5.10 If the Client or Creditor negotiates payment outside of the enforcement process set out in this Contract, either by agreement or consent order, the Client shall become liable for all Charges that otherwise would have been recoverable from the Debtor.
5.11 If the Client instructs PBS and after the Commencement Date the Client subsequently requests to cancel or suspend the Services then the Client shall be liable to pay to PBS all Charges up to and including the relevant Services Stage. PBS shall also be entitled to charge the Client an Abort Charge as set out in Schedule 1 (available from our office on request).
5.12 In certain activities and services: (a) (e.g. forfeitures) PBS will invoice the Client directly for the costs associated with providing the Services, which will include contractors' charges, legal fees, PBS administration costs and any other associated miscellaneous costs.

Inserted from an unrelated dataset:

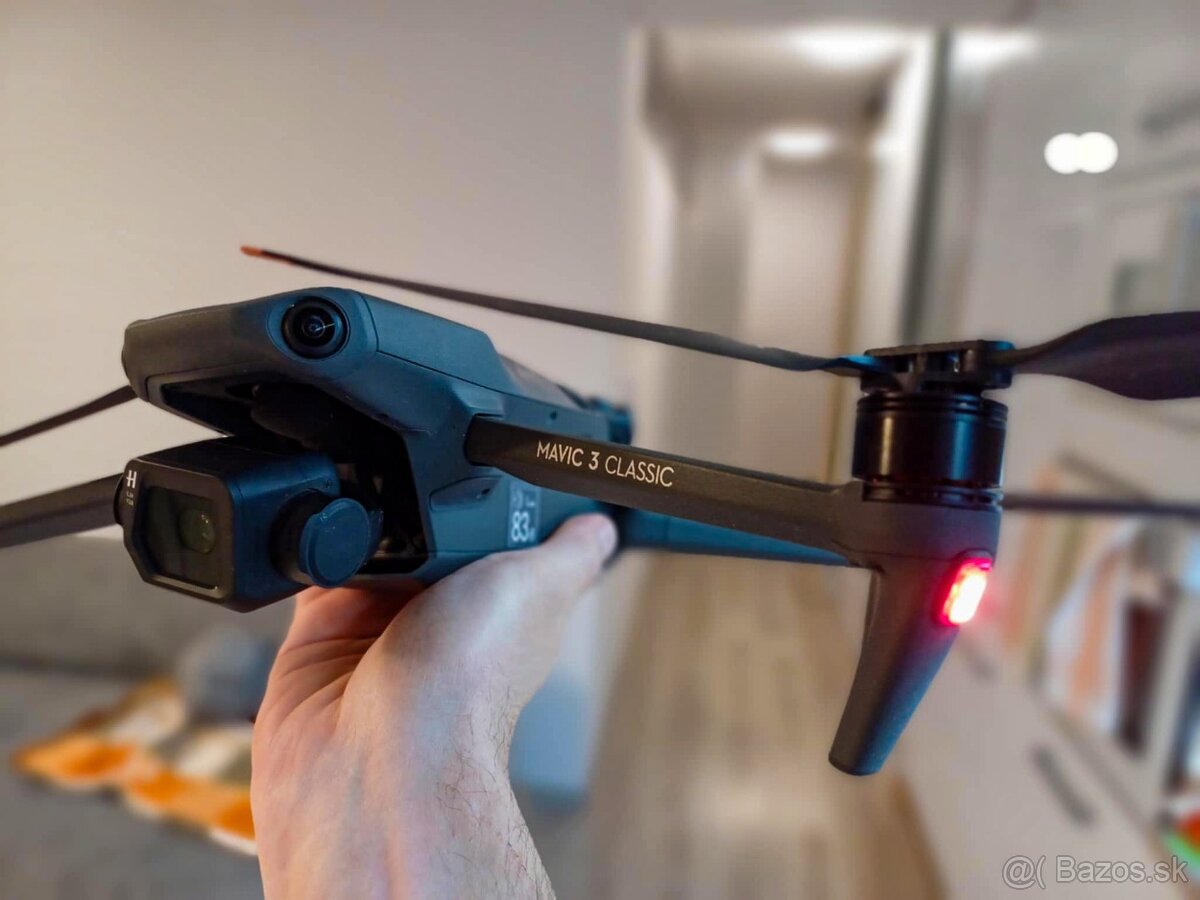 DJI Mavic 3 Classic (Fly More Combo)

In such circumstances the Client will make payment of the sums due within the timescales specified on the invoice. These may be different to the timescales as listed at clause 5.4. If any element of an invoice is queried, that part of the invoice which has not been queried is to be paid in any event. In regard to forfeitures, costs associated with providing the Services may change when PBS are undertaking the Services and PBS reserve the right to pass on these increased costs; and (b) (e.g. removal of trespassers) costs may change whilst PBS are on site, according to the nature of the individual case. In such circumstances PBS reserve the right to pass on these increased costs.
5.13 The Client may also be liable to pay costs associated with debt recovery procedures, where applicable, should the matter remain unpaid beyond the terms stated.

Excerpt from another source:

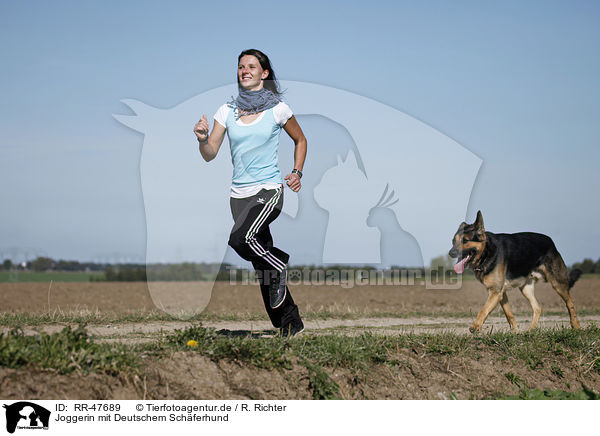 Joggerin mit Deutschem Schferhund / jogger with German Shepherd / RR-47689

5.14 Where PBS is instructed to recover a commercial debt on behalf of the Client, and the Debtor is a commercial entity, PBS shall be entitled to add to the amount owed by the Debtor a late payment charge of £75 plus VAT (comprising the statutory fixed sum compensation of £40 pursuant to section 5A of the Late Payment of Commercial Debts (Interest) Act 1998 (as amended by the Late Payment of Commercial Debts Regulations 2013 (SI 2013/395)), together with £35 representing reasonable administration and recovery costs incurred by PBS in recovering the debt pursuant to section 5A(2A) of that Act). This charge shall not be applied where the Debtor makes payment in full within 14 days of the date of PBS's initial written notification to the Debtor. The Client, by instructing PBS, hereby assigns and directs to PBS its entitlement to the statutory fixed sum compensation under the said Act in respect of each debt referred to PBS for recovery.

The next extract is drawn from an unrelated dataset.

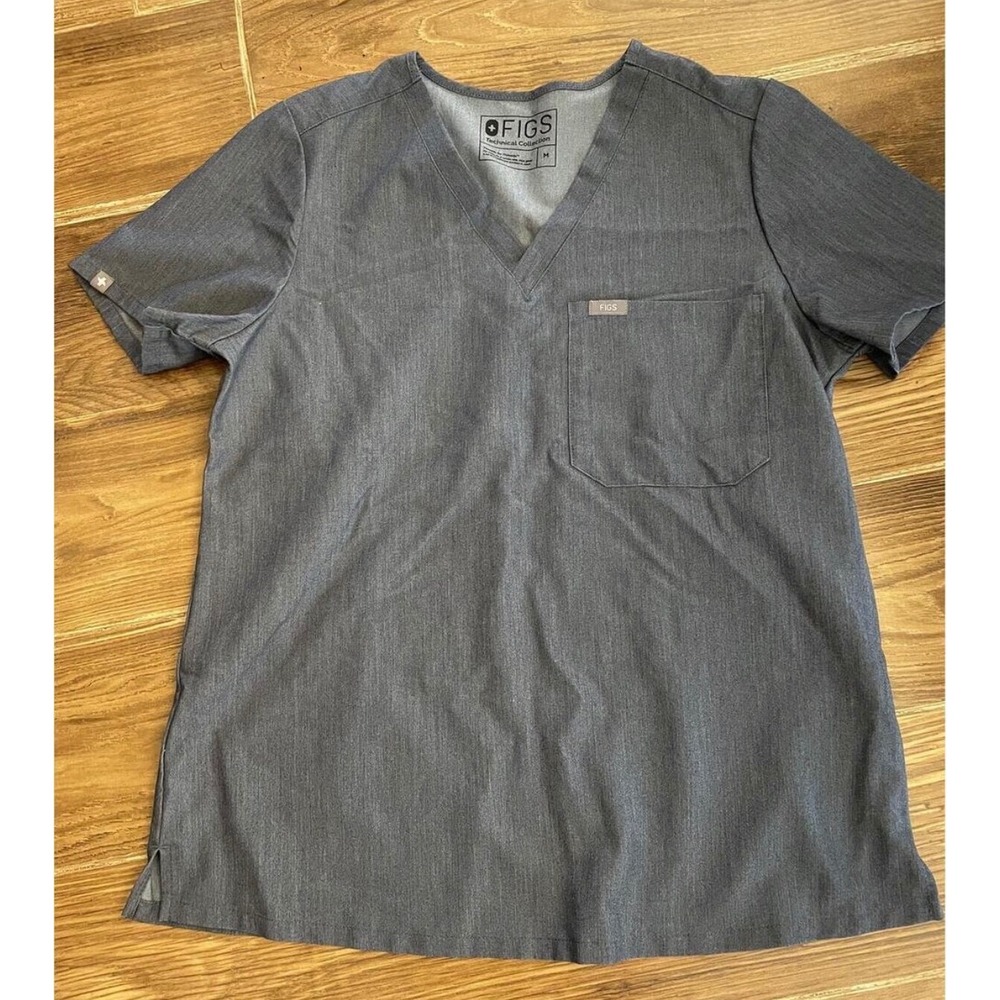 Figs Technical Collection Scrub Top Womens Medium Heather Denim Short Sleeve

5.15 For the avoidance of doubt the Client shall remain liable to PBS for the payment of all Charges, notwithstanding the financial standing of the Client's customer.
5.16 Any change in VAT or fees charged by a court will take effect immediately, and PBS reserves the right to delay the processing of transfer up or enforcement until such time as all monies due are settled in full. PBS will notify the Client of such a change as soon as is practicable.
5.17 Where a Client instructs a managing agent or a third party authorised to act on the Client's behalf to instruct PBS to provide Services, the Client shall remain liable for payment of all Charges in circumstances where the managing agent or third party is replaced for whatever reason. The Client shall inform PBS of any changes to the identity of that person.
6.1 Unless the Client objects, PBS shall be entitled to enter into a payment arrangement with the Debtor under a signed Controlled Goods Agreement where payment in full cannot be obtained.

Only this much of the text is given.